◆ WORK ORDER
Please reproduce all entries word for word and omit their pictures.
[[ SUPPLIED RECORDS, beginning ]]
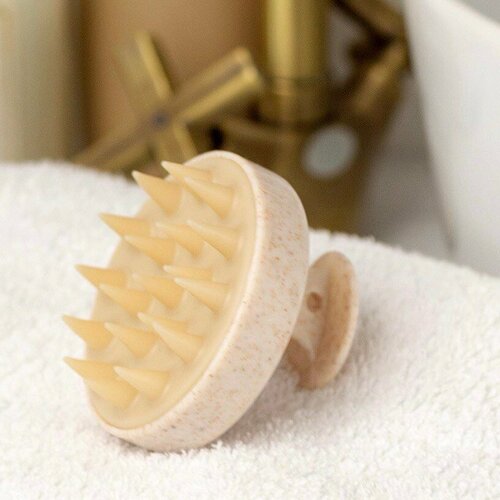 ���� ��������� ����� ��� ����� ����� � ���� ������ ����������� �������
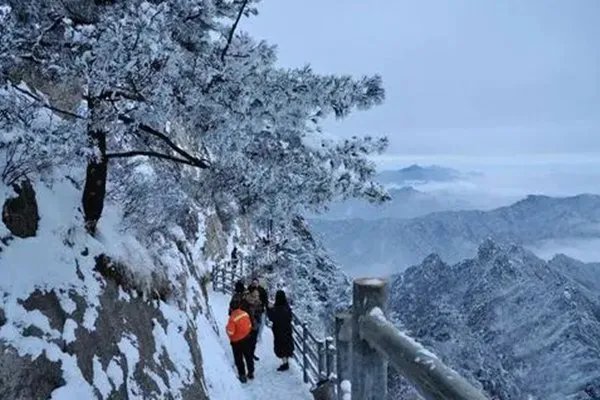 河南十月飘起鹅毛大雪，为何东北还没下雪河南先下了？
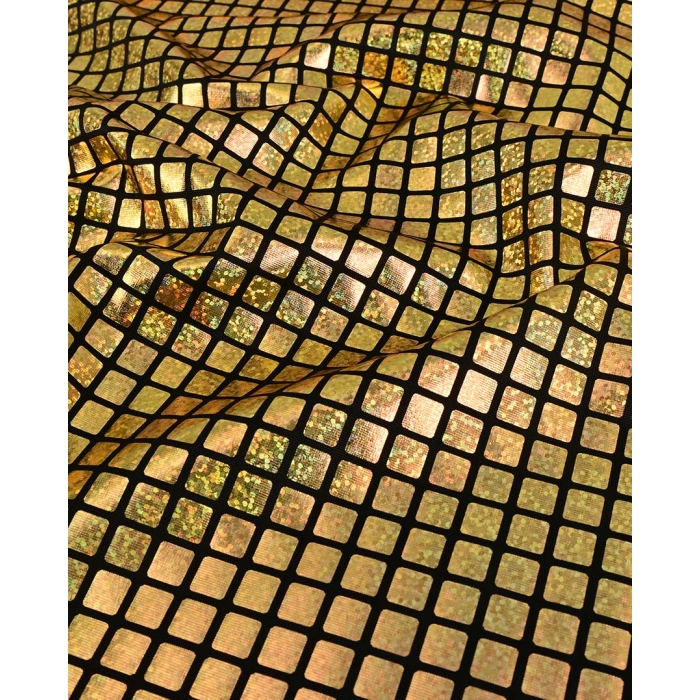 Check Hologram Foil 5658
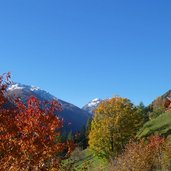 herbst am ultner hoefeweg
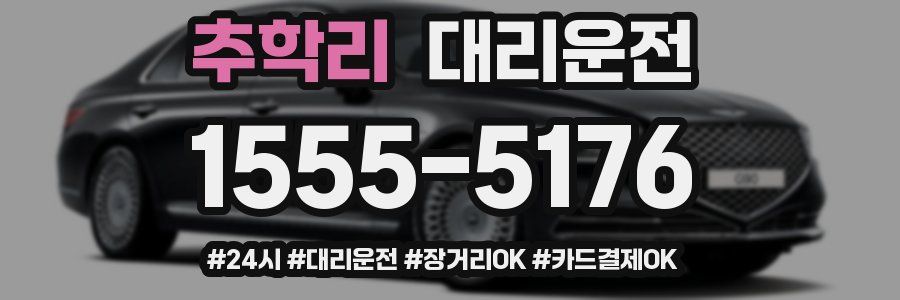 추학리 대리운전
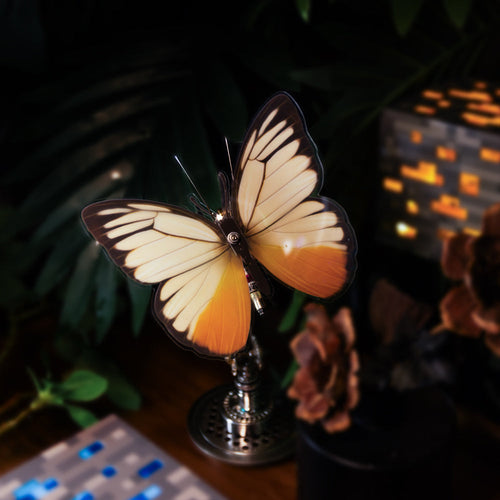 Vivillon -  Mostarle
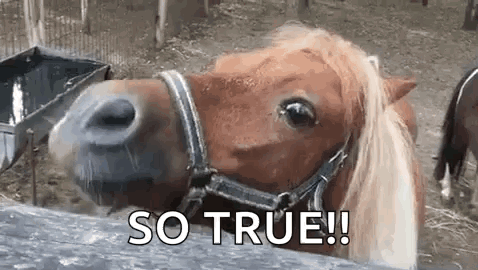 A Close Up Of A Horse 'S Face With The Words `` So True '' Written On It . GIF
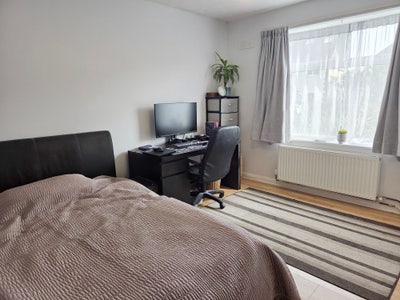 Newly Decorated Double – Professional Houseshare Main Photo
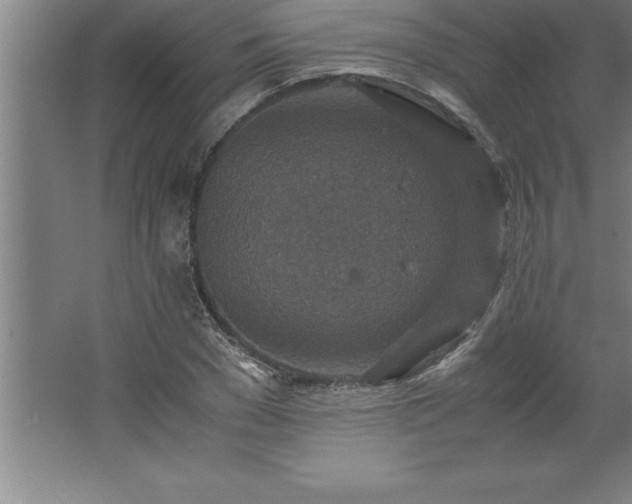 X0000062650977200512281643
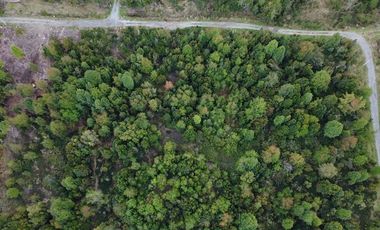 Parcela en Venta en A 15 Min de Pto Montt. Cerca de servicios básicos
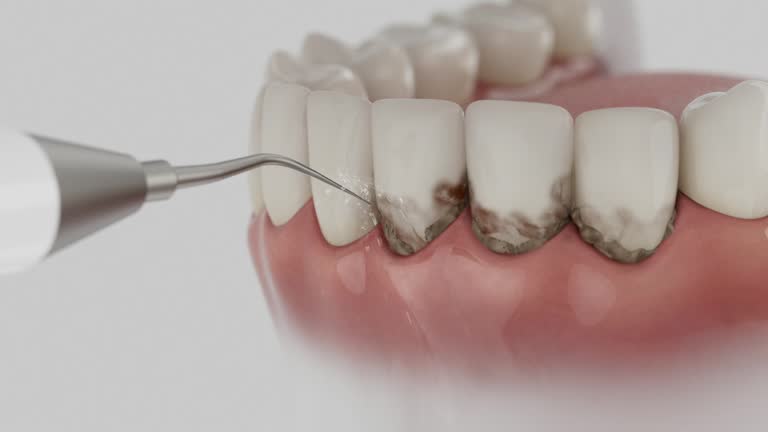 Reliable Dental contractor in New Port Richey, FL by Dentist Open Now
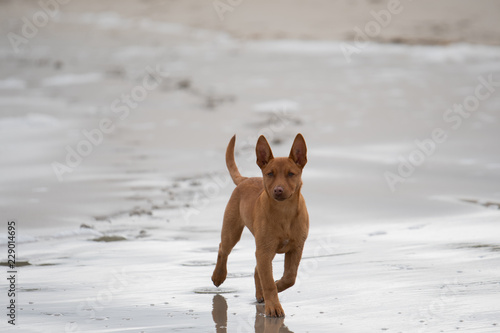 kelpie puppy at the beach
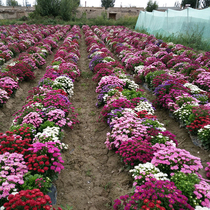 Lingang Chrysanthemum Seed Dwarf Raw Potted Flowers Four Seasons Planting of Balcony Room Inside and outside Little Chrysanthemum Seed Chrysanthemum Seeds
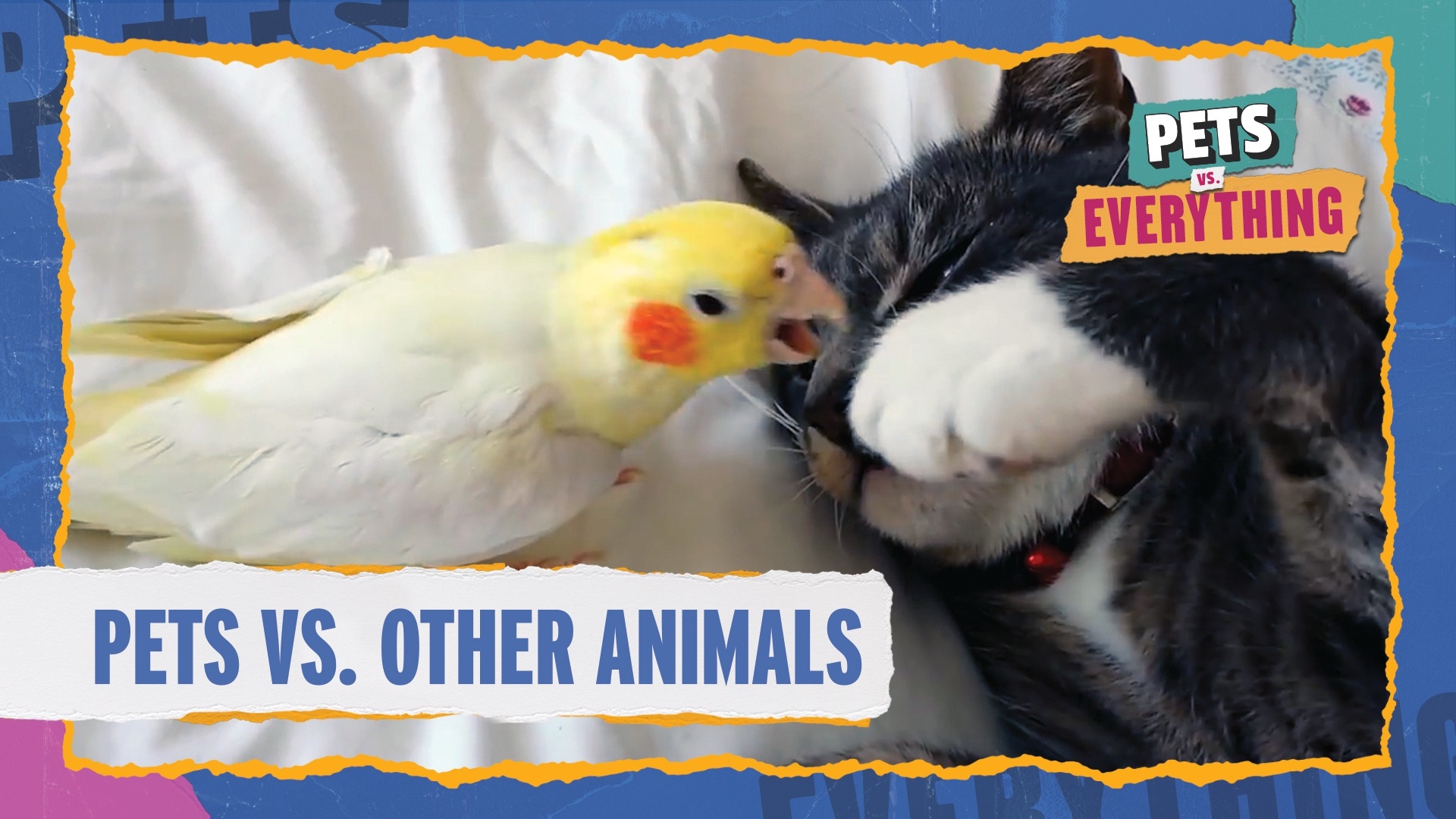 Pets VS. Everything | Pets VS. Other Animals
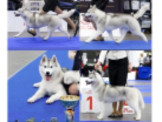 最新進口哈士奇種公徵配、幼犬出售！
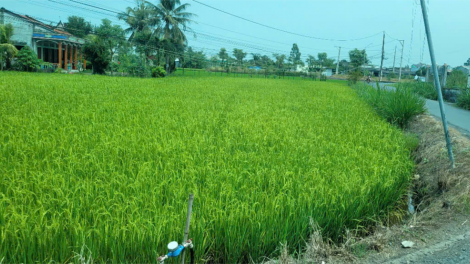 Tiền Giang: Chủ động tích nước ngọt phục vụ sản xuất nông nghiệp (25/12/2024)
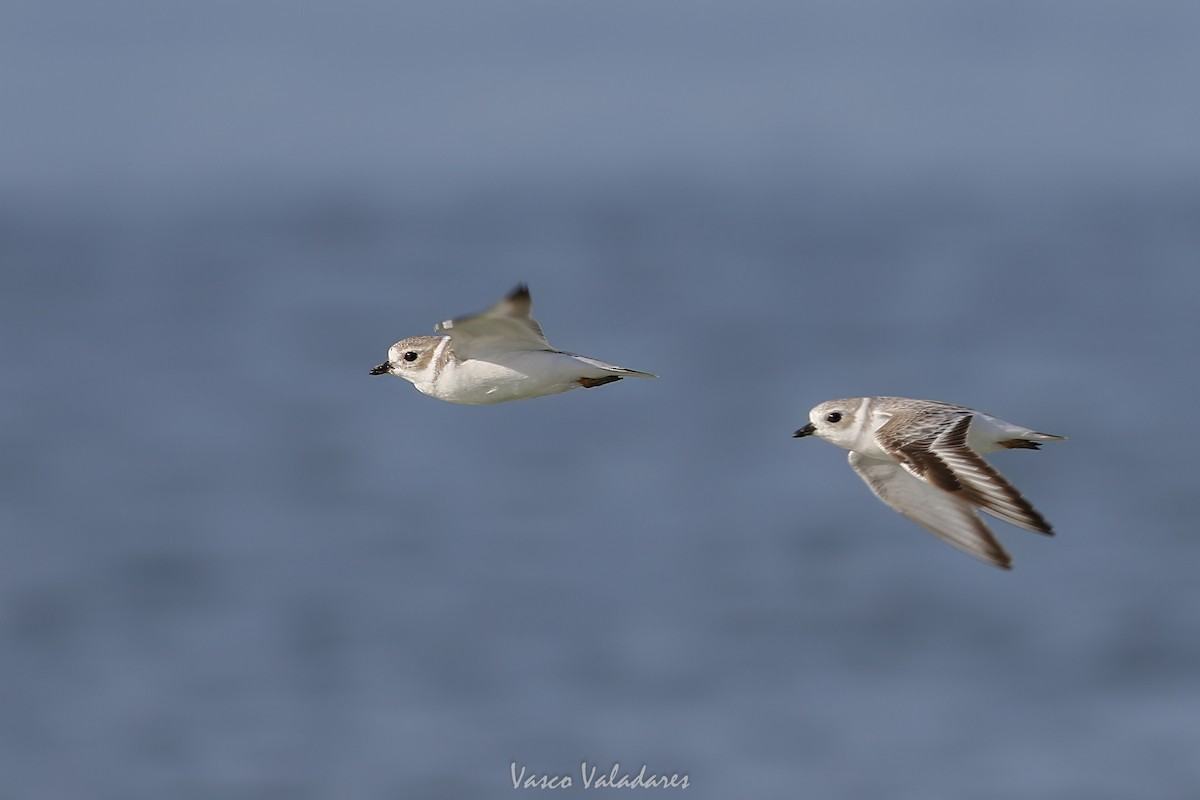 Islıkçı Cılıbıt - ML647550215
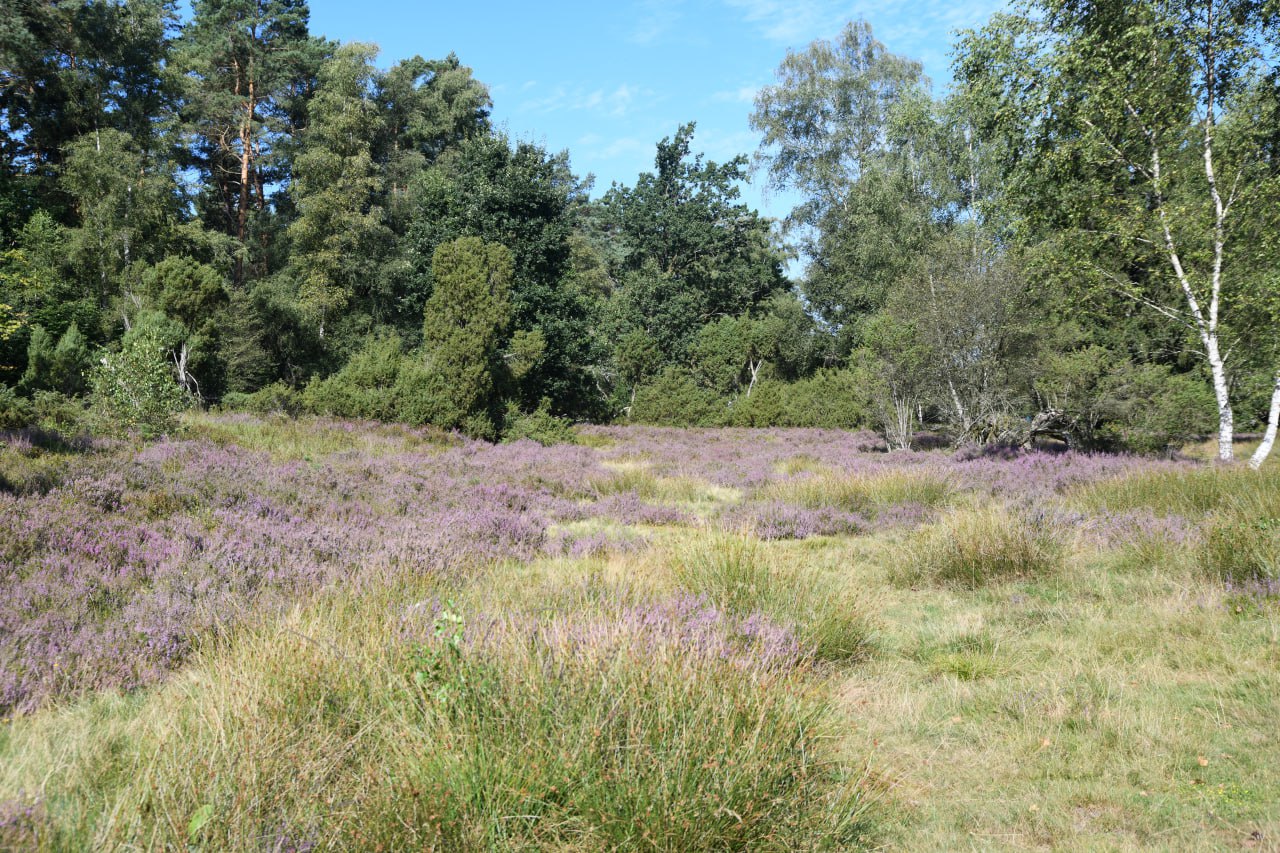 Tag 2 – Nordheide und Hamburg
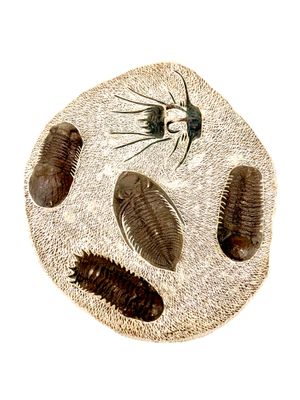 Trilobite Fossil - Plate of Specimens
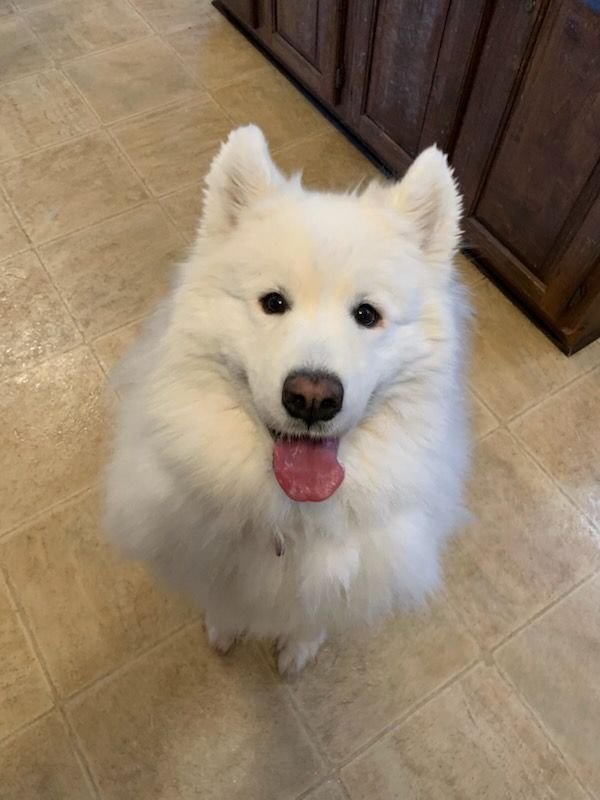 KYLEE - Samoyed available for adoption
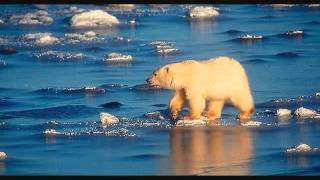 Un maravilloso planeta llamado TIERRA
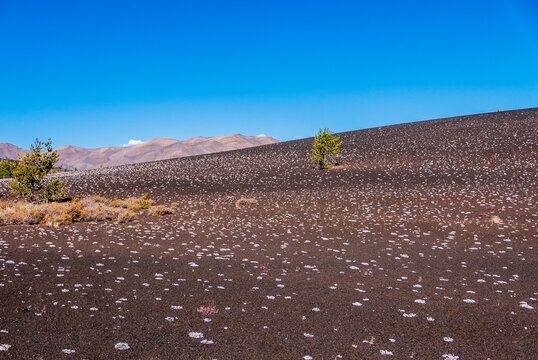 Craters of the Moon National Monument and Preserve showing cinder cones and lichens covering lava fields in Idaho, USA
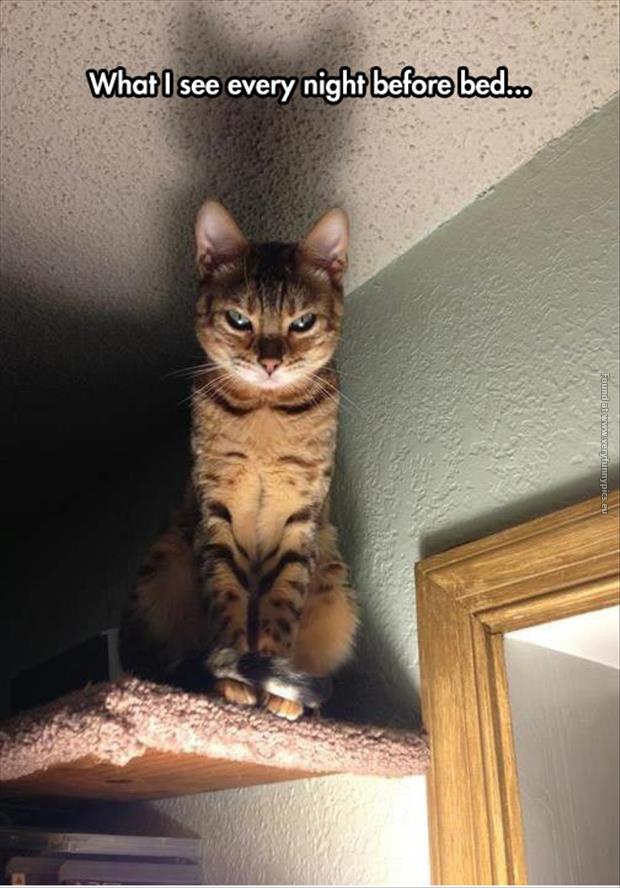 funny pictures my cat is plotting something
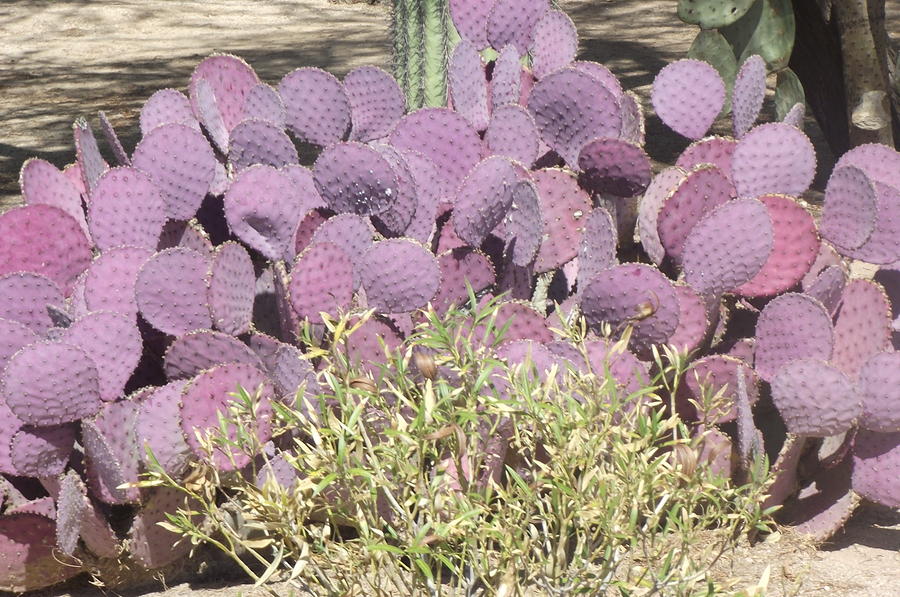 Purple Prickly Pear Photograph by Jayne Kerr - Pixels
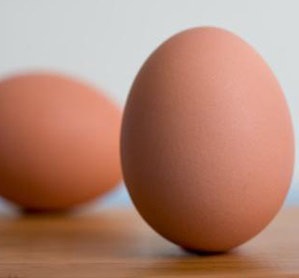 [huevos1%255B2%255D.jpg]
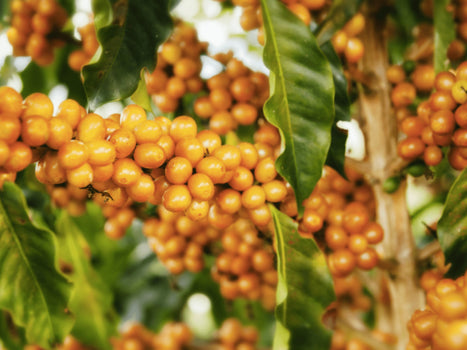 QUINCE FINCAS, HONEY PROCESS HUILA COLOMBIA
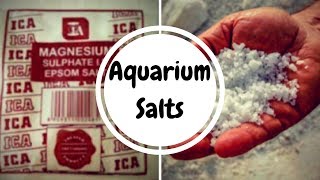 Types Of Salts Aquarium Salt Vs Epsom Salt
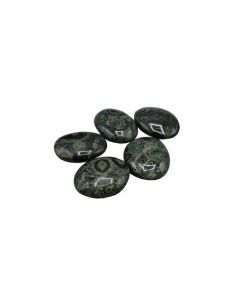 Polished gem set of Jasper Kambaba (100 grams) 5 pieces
[[ SUPPLIED RECORDS, end ]]
◆ EXERCISE OUTPUT
 ���� ��������� ����� ��� ����� ����� � ���� ������ ����������� �������
 河南十月飘起鹅毛大雪，为何东北还没下雪河南先下了？
 Check Hologram Foil 5658
 herbst am ultner hoefeweg
 추학리 대리운전
 Vivillon -  Mostarle
 A Close Up Of A Horse 'S Face With The Words `` So True '' Written On It . GIF
 Newly Decorated Double – Professional Houseshare Main Photo
 X0000062650977200512281643
 Parcela en Venta en A 15 Min de Pto Montt. Cerca de servicios básicos
 Reliable Dental contractor in New Port Richey, FL by Dentist Open Now
 kelpie puppy at the beach
 Lingang Chrysanthemum Seed Dwarf Raw Potted Flowers Four Seasons Planting of Balcony Room Inside and outside Little Chrysanthemum Seed Chrysanthemum Seeds
 Pets VS. Everything | Pets VS. Other Animals
 最新進口哈士奇種公徵配、幼犬出售！
 Tiền Giang: Chủ động tích nước ngọt phục vụ sản xuất nông nghiệp (25/12/2024)
 Islıkçı Cılıbıt - ML647550215
 Tag 2 – Nordheide und Hamburg
 Trilobite Fossil - Plate of Specimens
 KYLEE - Samoyed available for adoption
 Un maravilloso planeta llamado TIERRA
 Craters of the Moon National Monument and Preserve showing cinder cones and lichens covering lava fields in Idaho, USA
 funny pictures my cat is plotting something
 Purple Prickly Pear Photograph by Jayne Kerr - Pixels
 [huevos1%255B2%255D.jpg]
 QUINCE FINCAS, HONEY PROCESS HUILA COLOMBIA
 Types Of Salts Aquarium Salt Vs Epsom Salt
 Polished gem set of Jasper Kambaba (100 grams) 5 pieces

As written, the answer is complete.